Rob was an unusual student, to say the least. I think that his peers at the Cambridge Insight Meditation Center, in Cambridge, MA, would say the same; they appeared inspired and even awed by his passionate search for the truth. He had come to the U.S. to study at the New England Conservatory of Music from 1993-94 and he became part of the CIMC sangha shortly thereafter. He stayed until 2003 when he left to sit a year long retreat at Gaia House. One of his peers, a fellow musician with whom Rob shared his original compositions recently told me that Rob’s music was “very challenging and adventurous, often without a key or center, but definitely with a mood and character.” Perhaps this reminds you of Rob himself and the immense richness of who he was, what he was able to accomplish, and his remarkable capacity for love. He was uniquely gifted.
Rob joined a class I called the “Old Yogis” class at the time. We joked that we could write “OY’ in our calendars. During that time, he met with me regularly for interviews and each time we met I was struck by a particular experience. Because I met with so many yogis one night of the week, I would be tired by the time Rob came, whom I was seeing at the end of the night after meeting with eight or so practitioners before him. When he would arrive, I would be aware of feeling really tired. Like, why did I say he could come at that time? However, each time, as we continued to discuss the dharma and his daily life of practice, I would feel more and more awake. His mind was so lively and his dharma so deep that my fatigue would disappear and by the time we ended each interview, I felt I could continue to talk all night long.
Although he had a fierce intellect, it did not overwhelm his beautiful heart, which was surely as open as his mind. Long after he had left CIMC and had become a wonderful teacher in his own right, I traveled to Gaia House for a not-self retreat. At that time, I was experiencing a lot of loss in a variety of arenas, and I spontaneously asked him to do a healing ritual for me while I was on retreat, not giving him any details as to what he should do. He immediately kicked into gear, gathering up as many Buddha rupas and bells as he could find around the Center. At an agreed upon time, we met and spent an afternoon of chanting, singing, and shouting our intentions that all suffering be in the service of the awakening of all beings everywhere.
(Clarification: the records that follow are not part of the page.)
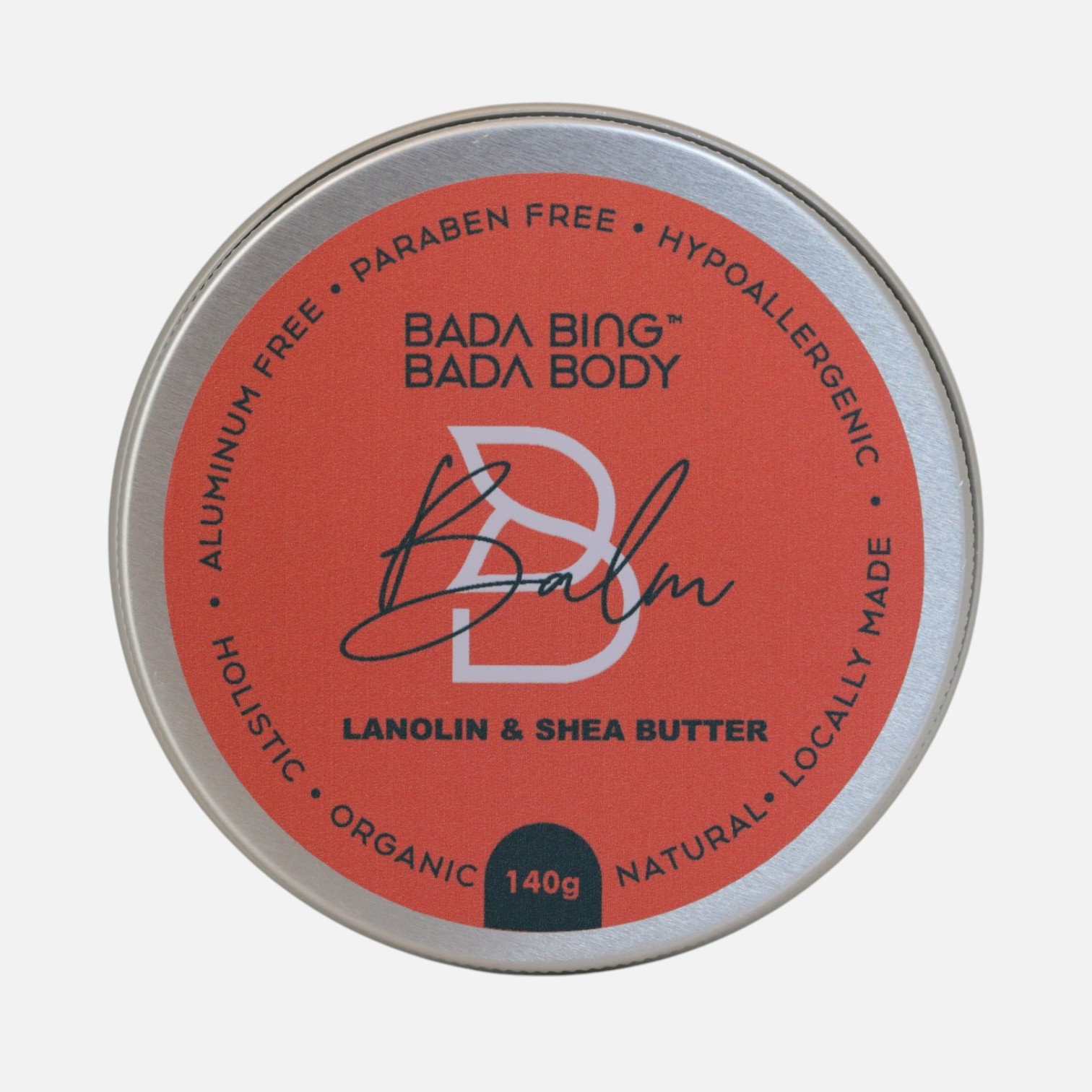Lanolin Balm with Lavender – 140g
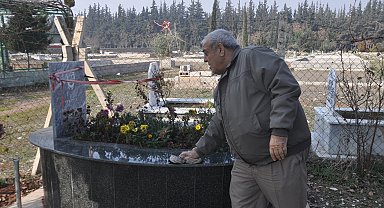 Reyhanlı 11 Mayıs Şehitler Derneği Başkanı Tuna: Şehitlerimizin kanı yerde kalmayacak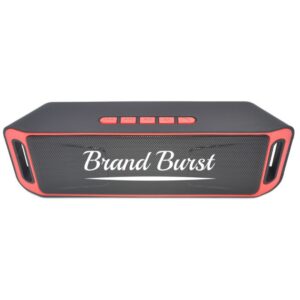 Outdoor Portable Wireless Bluetooth Speaker Item No#22143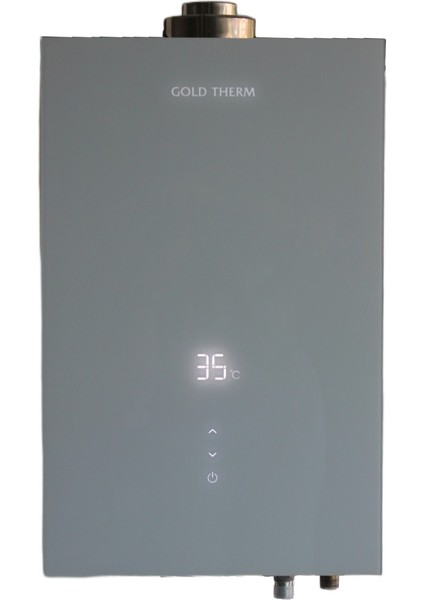 G120 Plus Hermetik Şofben fiyatları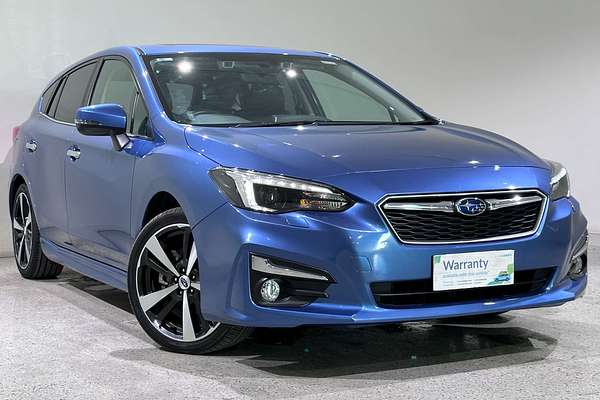 2017 Subaru Impreza 2.0i-S G5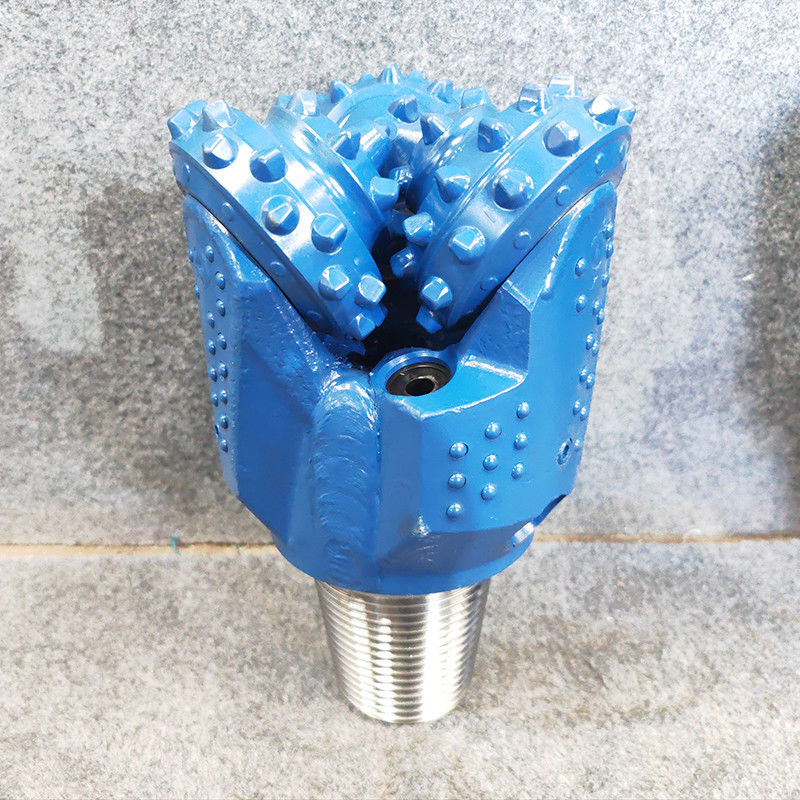 5 7/8 (149.2mm) Εξοπλισμός γεώτρησης HDD Drill Bit Bright Finish Rock Drill Bit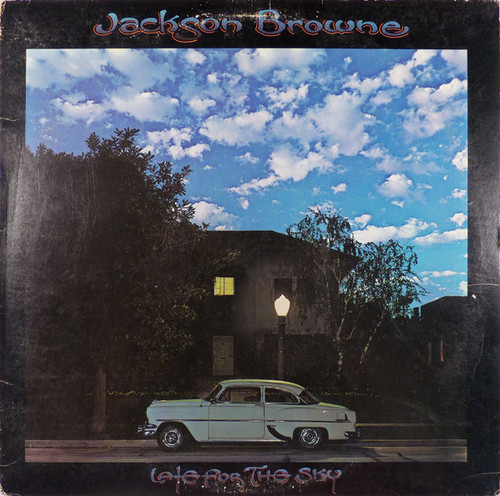 Jackson Browne - Late For The Sky (LP, Album, SP )_3986436616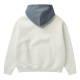 Majica Mystic ECLIPSIS Hood - 109 Off White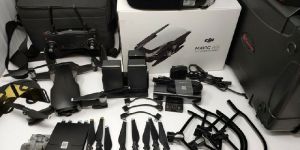 Drone DJI - Mavic Pro Quadcopter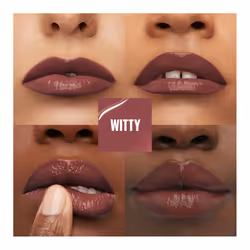 Superstay Vinyl Ink liquid lipstick #40-witty - Additional view 4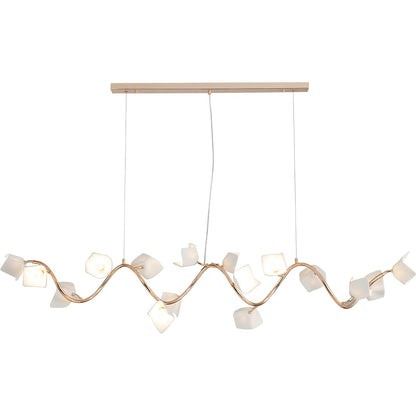 Mistral Flora Chandelier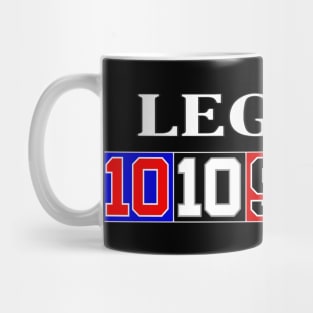 Legend, Dennis Rodman Mug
And then collapsing in uncontrollable laughter at the absurdity of it all. I did feel a bit better afterwards though!
Before he left CIMC for Gaia House in 2003, I asked him to reflect on whether he could see himself as a dharma teacher because I saw him as having the capacity to help people a lot. Due to his humility he was uncertain but he said he would consider it. Before his last class, I asked him to sit with me on the platform in the meditation hall at CIMC and give a talk to his OY peers. He accepted my invitation with a mixture of self-doubt and confidence and offered a beautiful talk to those gathered. So it was that he gave his very first dharma talk anywhere.
I feel so happy that I had even a small part in his maturation as a remarkable human being who touched so many hearts in tremendously profound ways. On the other hand, I want a lot of credit for suggesting he consider teaching! His presence and his teaching were blessings to us all. Even though we didn’t see one another often after he left the Cambridge area, our mutual affection, trust, and respect endured. What a noble friendship indeed. It is rare for a teacher to have the experience of witnessing a former student’s mastery to the degree that Rob manifested. He was a great yogi, a great teacher, and a great friend to so many. Like you, I will miss him dearly.